Uncooked Tomato or Pasta Sauce
Delicate fresh no-cook tomato sauces like this one are a perfect foil for fresh poached shellfish tossed with spaghetti, linguine, or fettuccine. Makes about 3 cups.

  • 3 large ripe red or yellow tomatoes, diced
  • 1 garlic clove, minced
  • 2 tablespoons chopped fresh basil
  • 1/2 small red onion, diced
  • 2 tablespoons balsamic vinegar
  • 1 tablespoon chopped fresh flat-leaf parsley
  • 1 tablespoon extra virgin olive oil
  • Coarse salt and freshly ground black pepper to taste

    Place all of the ingredients in a large bowl and mix together. Leave at room temperature for at least 2 hours before serving. Use the sauce the same day that you make it. Refrigerate but bring to room temperature before serving.

    Grilled Bread with Tomatoes and Olive Oil
    In every village in Spain, they make a simple tapa called "pan con tomate", bread with tomatoes. Thick slabs of country-style bread are toasted over a wood fire until lightly golden. Then tomato halves are smeared all over the toast, leaving the seeds, juice, and pulp, and the bread is rubbed with garlic and fruity Spanish olive oil. As an optional garnish, thin slices of Manchego cheese can be added. Manchego cheese is a sheep's milk cheese available in many well-stocked cheese shops. Also Spanish olives, anchovies, or Spanish ham or prosciutto make a nice garnish. Serves 6.

  • 2 garlic cloves
  • Coarse salt
  • 1/4 cup extra virgin olive oil
  • Twelve 3/4-inch-thick slices country-style bread
  • 6 very ripe red tomatoes, halved
  • Freshly ground black pepper

    Optional garnish, choose one or a combination:
  • 1/2 cup green Spanish olives
  • 12 anchovy fillets, soaked in cold water for 10 minutes, drained, and patted dry
  • 6 paper-thin slices Spanish ham or prosciutto
  • 12 paper-thin slices Manchego

    Preheat the broiler or an outdoor grill. In a mortar and pestle, mash the garlic with a pinch of salt. Mix in the oil.

    Broil or grill the bread until golden brown. Cup a tomato half in your palm, rub both sides of one toast with the tomato, squeezing slightly as you go to leave the pulp, seeds, and juice. Repeat with the remaining tomatoes and toasts. Drizzle the olive oil over one side of the toasts and sprinkle with salt and pepper. Serve immediately, with the optional garnishes, if desired.

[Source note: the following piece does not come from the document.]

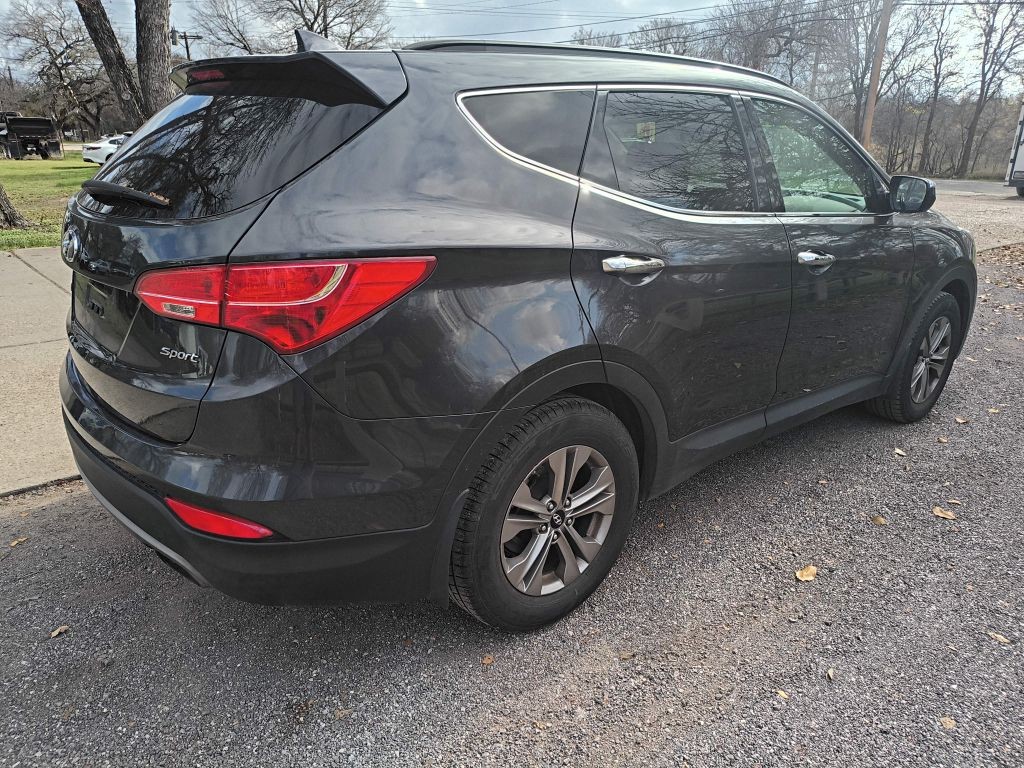 Hyundai Santa Fe Sport Vehicle Full-screen Gallery Image 03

    Tomato Upside-Down Spice Cake

    This old-timey tomato cake is one my great-grandmother used to make with heirloom tomatoes from her garden. Much ahead of her time, she didn't know that the tomatoes she grew would be chic one hundred years later. Serves 8 to 10.

    Topping:
  • 4 tablespoons unsalted butter
  • 1/4 cup packed brown sugar
  • 2 teaspoons grated fresh ginger
  • 2 small ripe red tomatoes, peeled, seeded, and thinly sliced

    Cake:
  • 1 1/2 cups all-purpose flour
  • 2 teaspoons baking powder
  • Large pinch of salt
  • 1 teaspoon ground ginger
  • 1/2 teaspoon ground cloves
  • 1/4 teaspoon ground cinnamon
  • 1/4 teaspoon ground mace
  • 8 tablespoons (1 stick) unsalted butter, at room temperature
  • 3/4 cup sugar
  • 1/2 cup molasses
  • 2 large eggs, separated
  • 1 teaspoon vanilla
  • 1/2 cup milk
  • 1 cup heavy cream
  • 1 tablespoon confectioners' sugar
  • A few drops of vanilla

    Preheat the oven to 350 F. Butter a 9-inch round cake pan. For the topping, melt the butter, brown sugar, and ginger in the cake pan over medium-low heat. Cover with a single layer of the tomato slices. If you have more tomatoes, reserve for another use.

    For the cake, sift the flour, baking powder, salt, ginger, cloves, cinnamon, and mace together. Cream the butter and sugar together in a large bowl. Add the molasses, then add the egg yolks one yolk at a time, beating well after each addition. Add the vanilla and mix well. Add the milk alternately with the dry ingredients, beating well after each addition.

    Beat the egg whites until stiff. Fold the whites into the cake batter. Spread the batter over the tomatoes and bake until a skewer inserted into the center comes out clean, 45 to 50 minutes.

    Let the cake cool for at least 15 minutes, then run a knife around the edges of the pan to loosen it. Turn the cake over onto a serving platter and let it sit, still in the pan, for another 5 minutes. Remove the pan.

    To serve, whip the cream and flavor with the confectioners' sugar and vanilla. Cut the cake into wedges and serve the cream on the side.